WoodMac sees potential upside to its forecast from emerging plays such as the Utica as well as continued growth in the Eagle Ford and Bakken while operators downspace, improve technologies, and leverage efficiencies.

WoodMac forecasts that the Bakken will produce 1.3 million b/d of oil and the Eagle Ford will produce 1.3 million b/d of condensate and oil by 2020. Other plays across the Lower 48 will contribute to the anticipated 4.2 million b/d total by 2020.

These other plays include the Permian plays like the Bone Spring, Avalon, Wolfcamp, and Cline shales, which are expected to contribute 440,000 b/d by 2020.

"In the Rockies, we forecast modest production growth from the Niobrara: 90,000 b/d by 2020," Gadde said. "Then, you have the Utica and other emerging plays along with some of the smaller established plays like the Mississippian, Austin chalk, and Monterey."

On a global level, WoodMac sees US tight oil as the key emerging growth area during the next decade from non-OPEC members.

Companies outline expectations

Mark Papa, chairman and chief executive officer of EOG Resources Inc., said in early August that he sees three US horizontal oil plays as being consequential: Eagle Ford, Bakken, and Permian.

Regarding the Bakken, Papa expects EOG will continue to increase oil production in 2013 and beyond.

Given low natural gas prices, QEP Resources Inc. allocated capital to crude oil and liquids-rich gas plays, said Chuck Stanley, chairman, president, and chief executive officer of the Denver-based independent formerly known as Questar.

Continental Resources Inc. Chairman and Chief Executive Officer Harold Hamm noted during an Aug. 12 webcast that industry is moving from an exploration phase into more of a development phase in the Bakken.

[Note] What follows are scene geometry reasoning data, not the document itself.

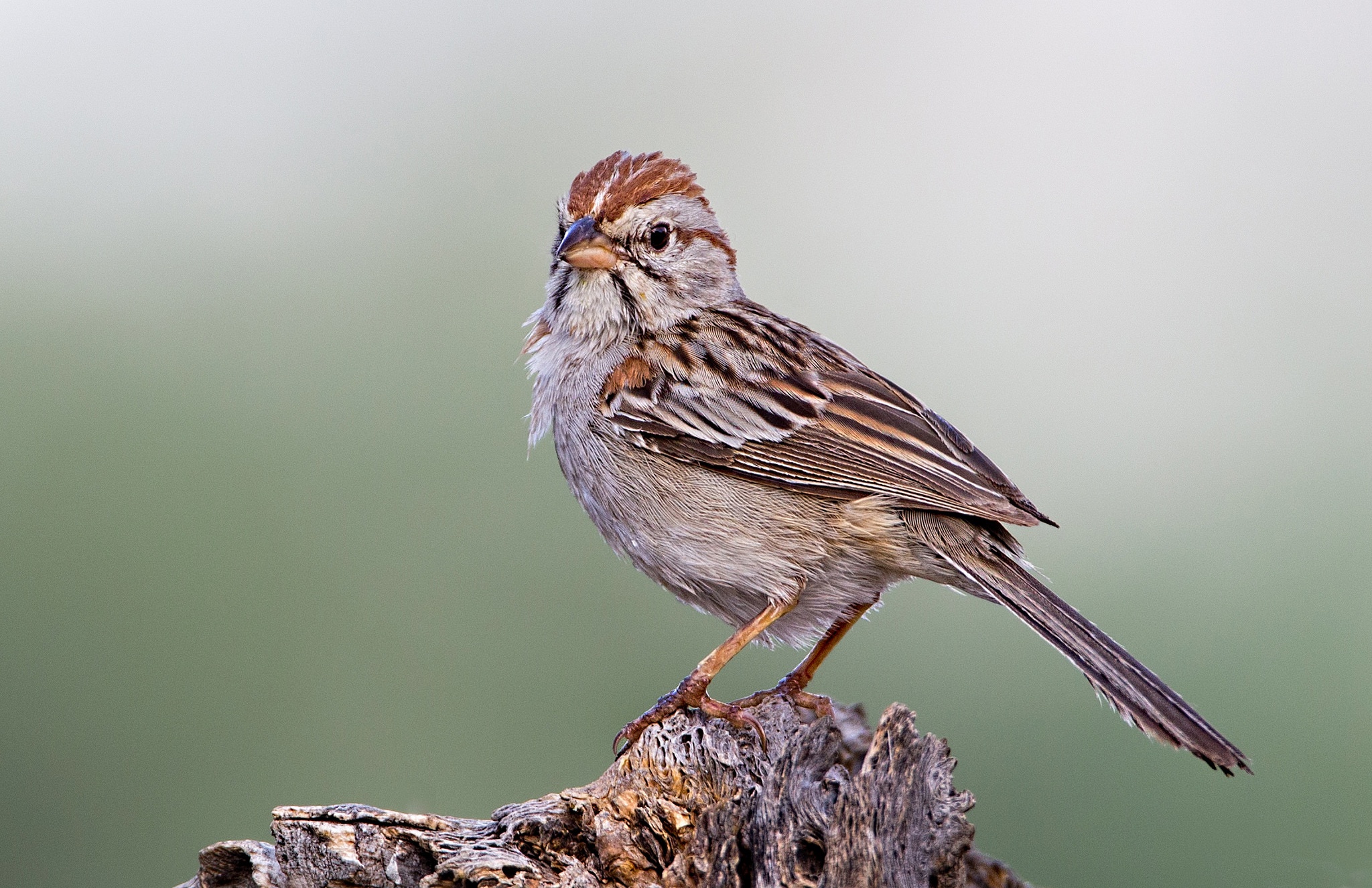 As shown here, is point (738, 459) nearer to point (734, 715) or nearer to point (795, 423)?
point (795, 423)

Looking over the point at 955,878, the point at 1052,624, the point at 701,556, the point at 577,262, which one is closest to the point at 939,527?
the point at 1052,624

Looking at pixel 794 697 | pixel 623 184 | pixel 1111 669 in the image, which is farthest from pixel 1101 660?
pixel 623 184

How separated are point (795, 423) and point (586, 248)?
3.80 feet

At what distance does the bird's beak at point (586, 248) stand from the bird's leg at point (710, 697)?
1.63 metres

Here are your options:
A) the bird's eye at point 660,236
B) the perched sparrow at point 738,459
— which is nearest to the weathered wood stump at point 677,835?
the perched sparrow at point 738,459

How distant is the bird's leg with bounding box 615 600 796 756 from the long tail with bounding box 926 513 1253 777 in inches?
30.0

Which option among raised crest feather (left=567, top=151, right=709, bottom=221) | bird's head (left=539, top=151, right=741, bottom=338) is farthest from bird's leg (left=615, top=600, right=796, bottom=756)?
raised crest feather (left=567, top=151, right=709, bottom=221)

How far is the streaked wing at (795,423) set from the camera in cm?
460

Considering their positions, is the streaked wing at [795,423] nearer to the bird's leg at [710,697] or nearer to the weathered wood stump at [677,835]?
the bird's leg at [710,697]

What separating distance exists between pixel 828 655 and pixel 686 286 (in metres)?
1.79

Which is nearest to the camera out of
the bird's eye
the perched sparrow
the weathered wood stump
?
the weathered wood stump

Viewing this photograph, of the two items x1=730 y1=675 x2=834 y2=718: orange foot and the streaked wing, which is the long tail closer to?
the streaked wing

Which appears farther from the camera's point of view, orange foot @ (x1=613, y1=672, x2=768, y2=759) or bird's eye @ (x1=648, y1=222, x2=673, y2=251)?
bird's eye @ (x1=648, y1=222, x2=673, y2=251)

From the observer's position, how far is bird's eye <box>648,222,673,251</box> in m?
5.23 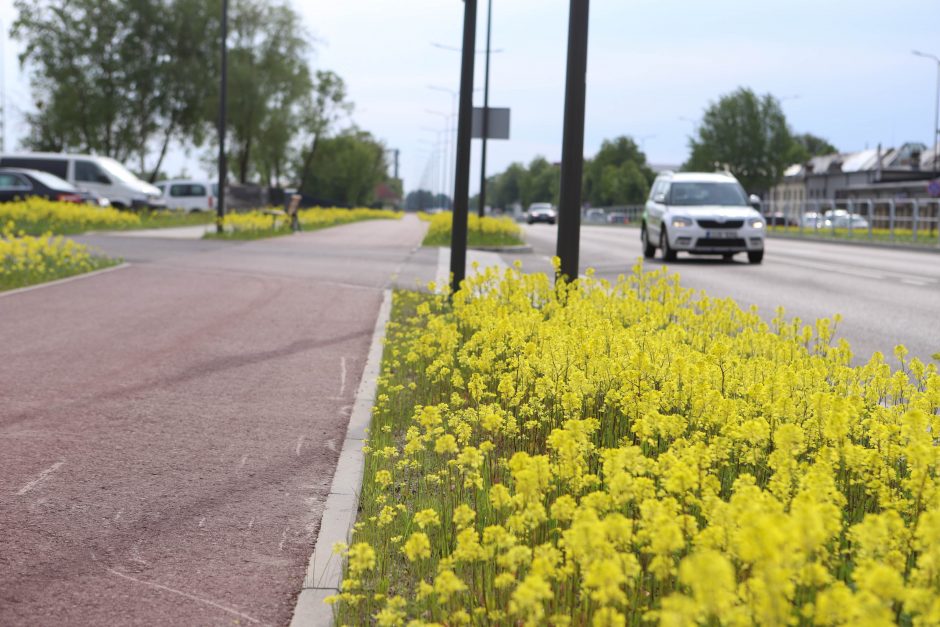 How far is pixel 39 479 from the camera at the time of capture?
18.1 ft

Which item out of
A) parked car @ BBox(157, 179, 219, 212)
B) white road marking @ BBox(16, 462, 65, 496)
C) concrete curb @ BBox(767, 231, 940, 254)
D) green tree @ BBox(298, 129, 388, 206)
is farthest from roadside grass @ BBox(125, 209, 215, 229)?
green tree @ BBox(298, 129, 388, 206)

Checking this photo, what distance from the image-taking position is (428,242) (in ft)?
107

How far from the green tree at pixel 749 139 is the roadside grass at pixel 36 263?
85.0 metres

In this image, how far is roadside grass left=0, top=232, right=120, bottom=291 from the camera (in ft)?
51.2

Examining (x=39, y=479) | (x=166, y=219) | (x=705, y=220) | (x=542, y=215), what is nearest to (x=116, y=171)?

"We're seeing a transition happen from people basically scurrying to take care of their leasehold commitments," Hamm said. "As it happens, we'll see pullback in the level of activity up there, we believe, and to a point that we can all control cost…. The emphasis we see across the field, operator by operator, is renewed interest in keeping those costs in line. And when everybody is scurrying around to hold leases, you do things you wouldn't do as you go through development."

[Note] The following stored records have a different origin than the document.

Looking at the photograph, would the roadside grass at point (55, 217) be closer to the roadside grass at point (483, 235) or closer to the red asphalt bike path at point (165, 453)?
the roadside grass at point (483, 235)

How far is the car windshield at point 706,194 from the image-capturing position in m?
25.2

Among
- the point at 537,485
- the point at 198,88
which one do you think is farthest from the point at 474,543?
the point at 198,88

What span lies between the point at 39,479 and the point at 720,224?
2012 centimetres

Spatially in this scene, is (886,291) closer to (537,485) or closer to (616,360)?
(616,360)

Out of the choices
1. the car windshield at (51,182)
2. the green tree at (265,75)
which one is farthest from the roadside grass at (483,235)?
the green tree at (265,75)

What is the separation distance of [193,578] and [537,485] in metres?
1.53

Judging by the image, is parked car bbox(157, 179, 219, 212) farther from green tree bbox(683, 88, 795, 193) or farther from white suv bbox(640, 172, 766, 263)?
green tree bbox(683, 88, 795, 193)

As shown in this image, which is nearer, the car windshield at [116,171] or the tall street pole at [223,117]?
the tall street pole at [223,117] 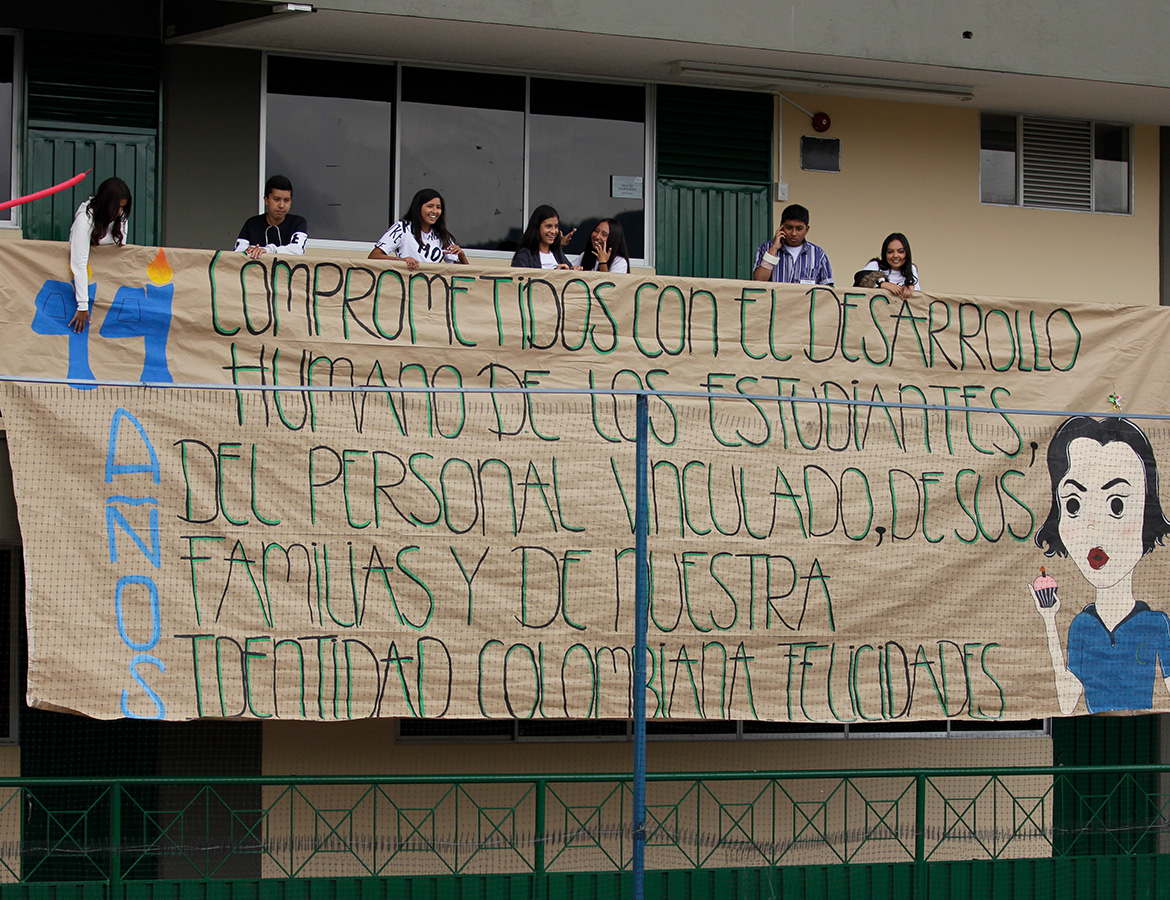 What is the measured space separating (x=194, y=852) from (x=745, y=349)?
4665 millimetres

Continental ran 19 operated rigs in the Bakken on Aug. 8, down from its 26 operated rigs earlier in the year. Of its latest Bakken fleet, 15 rigs worked in North Dakota and 4 in Montana. Executives said they reduced the Bakken rig count because Continental is transitioning into a development mode there.

The Oklahoma City independent added 31,057 net acres this year, bringing its Bakken leasehold to 946,248 net acres as of June 30.

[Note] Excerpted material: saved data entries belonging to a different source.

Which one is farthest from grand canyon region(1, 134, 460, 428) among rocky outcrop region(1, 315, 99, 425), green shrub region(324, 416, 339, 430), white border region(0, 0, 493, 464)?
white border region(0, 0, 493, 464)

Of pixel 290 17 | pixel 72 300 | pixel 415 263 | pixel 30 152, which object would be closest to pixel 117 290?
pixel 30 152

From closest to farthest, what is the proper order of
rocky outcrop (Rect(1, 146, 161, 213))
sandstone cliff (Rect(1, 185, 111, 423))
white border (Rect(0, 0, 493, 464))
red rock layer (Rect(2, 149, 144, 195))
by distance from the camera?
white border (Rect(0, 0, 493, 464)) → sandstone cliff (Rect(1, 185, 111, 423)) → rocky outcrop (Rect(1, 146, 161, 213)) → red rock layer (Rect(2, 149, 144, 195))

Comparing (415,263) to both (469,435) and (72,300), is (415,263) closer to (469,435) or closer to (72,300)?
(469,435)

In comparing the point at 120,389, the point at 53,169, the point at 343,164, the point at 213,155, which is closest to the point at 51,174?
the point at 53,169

"The entire industry is wrestling with cost escalation and has really chosen to focus on their own operations," said Rick Bott, Continental president and chief operating officer. On the contrary, Continental increased its interests in operated and nonoperated wells.

Bott acknowledged some cost creep. "Nonoperated wells are running $2 million higher than our operated wells, which are currently averaging $9.2 million in the North Dakota Bakken, and about $9.5 million in the Southeast Cana, Anadarko Woodford area."

The $9.2 million is Continental's average for single wells, he said, adding that an ECO-Pad individual well averages $8.4 million. ECO-Pad rigs represented about half Continental's Bakken drilling fleet in early August as Continental continued exploring and extending the limits of the Bakken-Three Forks.

In the Bakken, Continental produced 53,741 boe/d during the second quarter, up 97% compared with the same period in 2011. It participated in 154 gross (56 net) wells of which it operated 69 gross (46 net) wells in the Bakken: 62 gross (41 net) in North Dakota and 7 gross (5 net) in Montana.

Hamm said Continental continues to see strong production results from new wells in the Middle Bakken and Three Forks zones.

"In the Bakken, we improved drilling cycle times by approximately 30%; in essence, we are accomplishing more with less," Hamm said. "By yearend 2013, we expect to substantially derisk and establish production in each spacing unit at our North Dakota Bakken acreage. This will allow us to employ more ECO-Pad rigs."